I reached Berlebeck quickly. I passed by an eagle station but didn’t stop here. The observation point isn’t particularly big. Nevertheless, I’m glad I got to go there. Beautiful animals that you’ll only rarely catch sight of elsewhere are native to this region. My camera was already almost completely worn out. The majestic animals create an infinite amount of photographic opportunities.
The flat part of the hike ended in Berlebeck. The terrain fell off steeply behind the eagle station. The E1 leads down into the town. There, you walk along a babbling brook for a little bit before coming back up to the slope. It’s possible to cross over the 401 metre high Stemberg. Sweat started to pour once again. But the short burst of effort was worth it. You can see far into the distance from the top of the mountain ridges. There is also a memorial stone for the so-called ‘Vogeltaufe’ (Bird’s baptism) up there. According to legend, once upon a time the abbot Athanasius wanted to baptise the pagan Saxon noblemen in the Stemberg spring. In order to accompany this event with the appropriate chant, monks were supposed to travel from Paderborn. But before the ceremony one of the singers appeared, covered in dust and blood, and reported that they had been attacked by Saxons and had scattered. He advised the abbot to postpone the baptism, but the abbot refused. Then, when one of Widukind’s former fellow warriors, Abbio von Thiotmalli, renounced all the pagan gods during the baptism, there was a murmur in the air. Hundreds of small brown birds flew down into the spring and started to sing a song of praise, like no human ear had ever heard before, or will ever hear again.
In places the ridge is barely wooded.
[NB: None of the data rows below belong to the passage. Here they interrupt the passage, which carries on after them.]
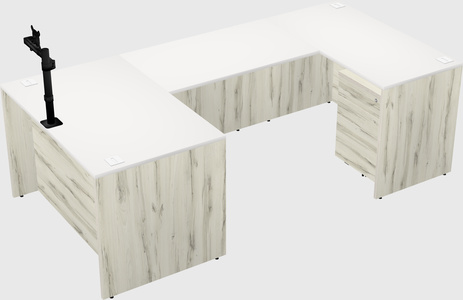 Bureau en u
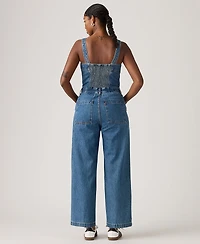 Levi's Women's Square Neck Jumpsuit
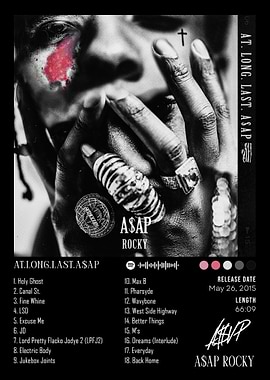 A$AP Rocky - AT.LONG.LAST.ASAP Album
A wonderful mountain heath has been maintained here. Only very small spruce trees reach their wispy tips between the blueberry bushes and the heather. I spent a lot of time up here watching the bees, buzzing diligently as they collected the first nectar of the year. Way in the distance, I could already see the lookout tower on the Velmerstot, to which I would be pulled as things developed over the coming days. The more I kept descending, the more noticeably humid the countryside on the edge of the track became. More and more primroses could be seen. In the Bärenstein nature reserve, the track started ascending once again, before I finally made it to the Externsteine.
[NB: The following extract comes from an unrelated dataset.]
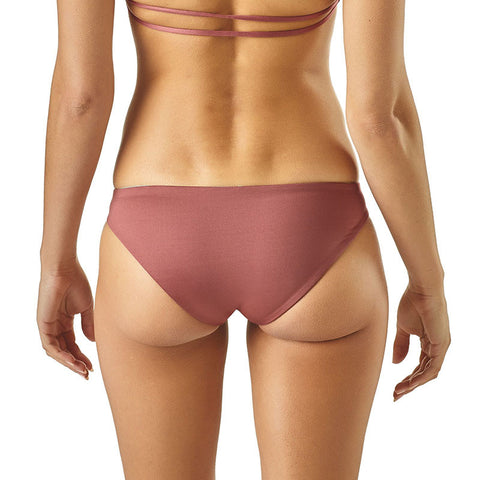 Patagonia Women's Reversible Seaglass Bay Bottoms - Kiln Pink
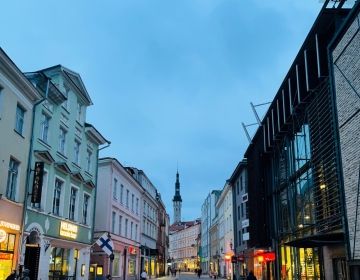 Tallinn old town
When I first caught sight of the striking rock formation through the gaps in the trees, behind a dammed lake, I was immediately overcome with enthusiasm. The natural monument is reflected in the water. I can imagine why these sandstone rocks are the stuff of so many legends. In truth, I am still yet to see something that comes close to them. It became apparent why the Externsteine have fascinated entire generations since the stone ages. They somehow seemed like an illusion and yet fit so beautifully into the landscape. The fact that the weather had been getting progressively worse at the last minute and that dark clouds were gathering in the sky, suited the scenery. The stones appeared all the more archaic. I desperately wanted to go higher. Steep stairways lead up from two sides. I stood on the peak and let my thoughts run wild. What might have already happened here throughout the course of history. There are caves, reliefs and caverns. How might these have come to be and above everything, why?
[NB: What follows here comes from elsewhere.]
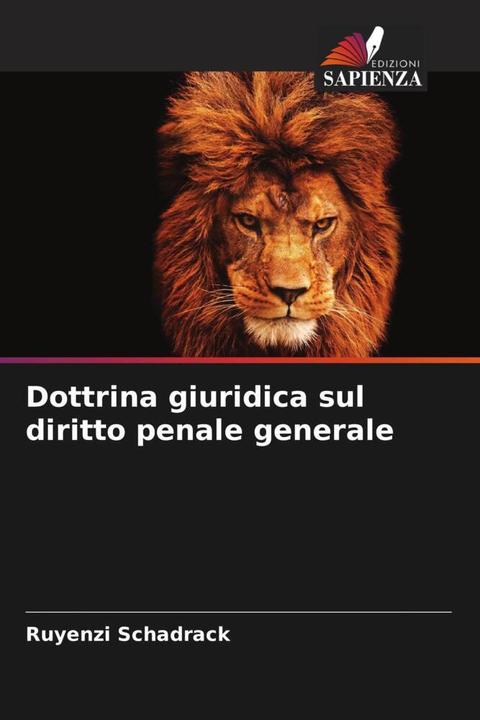 Actual product image Dottrina giuridica sul diritto penale generale (Ruyenzi Schadrack, 2023)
It started to rain. It didn’t matter to me anymore. The Externsteine were the end point of the day’s leg. The hotel, from where I set off in the morning by bus towards the bird park, is nearby. I already shot several hundred photos on the first day of being on this divine trail. I’m not wasting any more thoughts about the North Cape or Sicily now. I’m definitely convinced that I’ve caught hold of a genuine highlight on the E1 with this leg and look forward to the second part of the trail.